Exercise description: What is wanted is every line below from the one with "Read God-level Assassin, I’m" up to and including the one with "Porsche 911 Type 992 TARGA 4S 3.0i PDK 450ch", retyped exactly, pictures excluded, nothing else.
++++ Listed records ++++
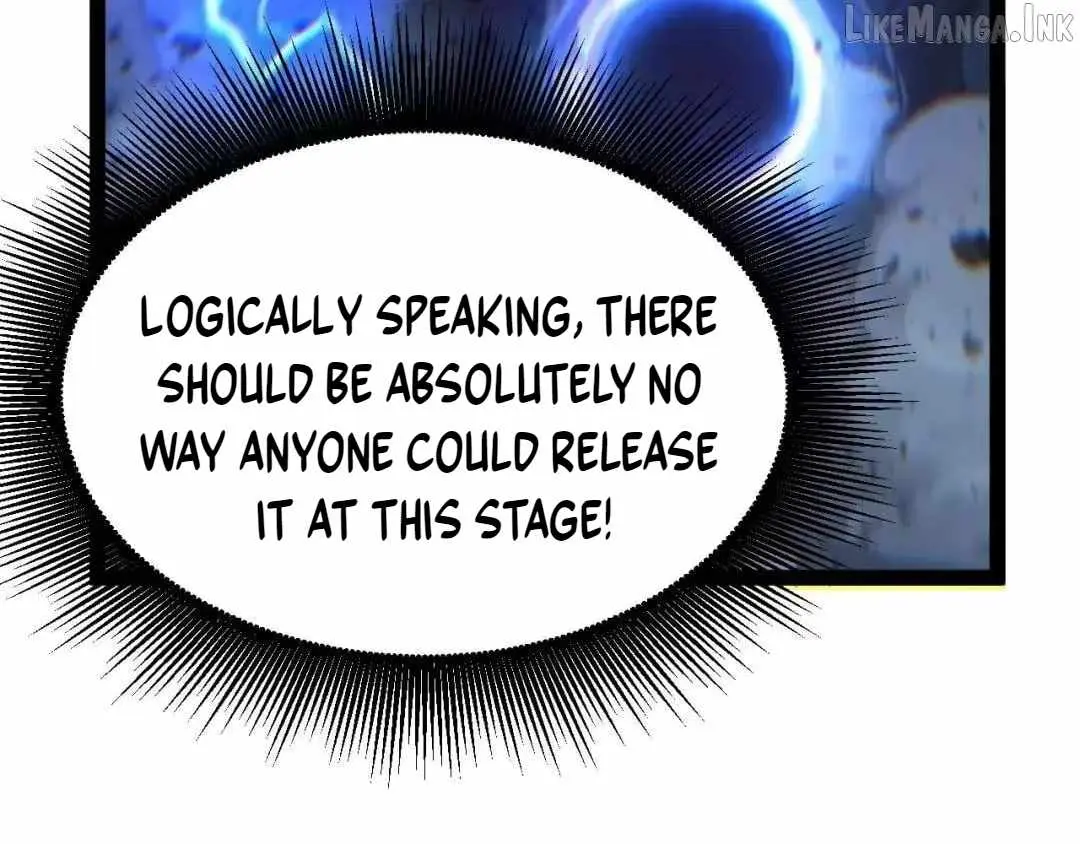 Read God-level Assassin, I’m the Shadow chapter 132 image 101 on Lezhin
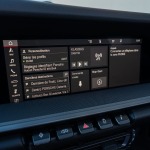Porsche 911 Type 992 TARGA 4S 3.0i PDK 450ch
++++
++++ Listed records ++++
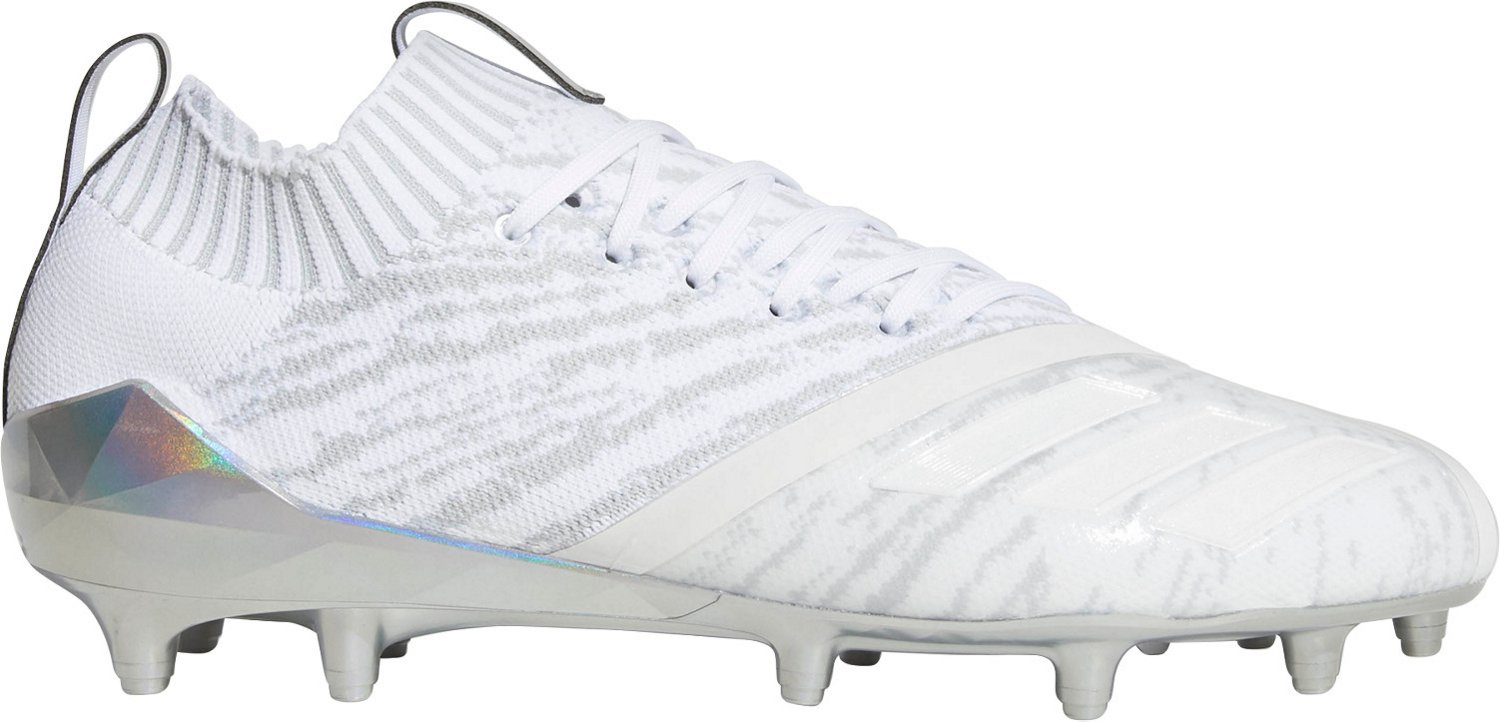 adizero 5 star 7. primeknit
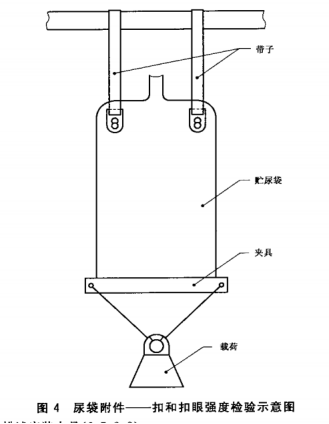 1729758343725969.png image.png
++++
Answer space:
 Read God-level Assassin, I’m the Shadow chapter 132 image 101 on Lezhin
Porsche 911 Type 992 TARGA 4S 3.0i PDK 450ch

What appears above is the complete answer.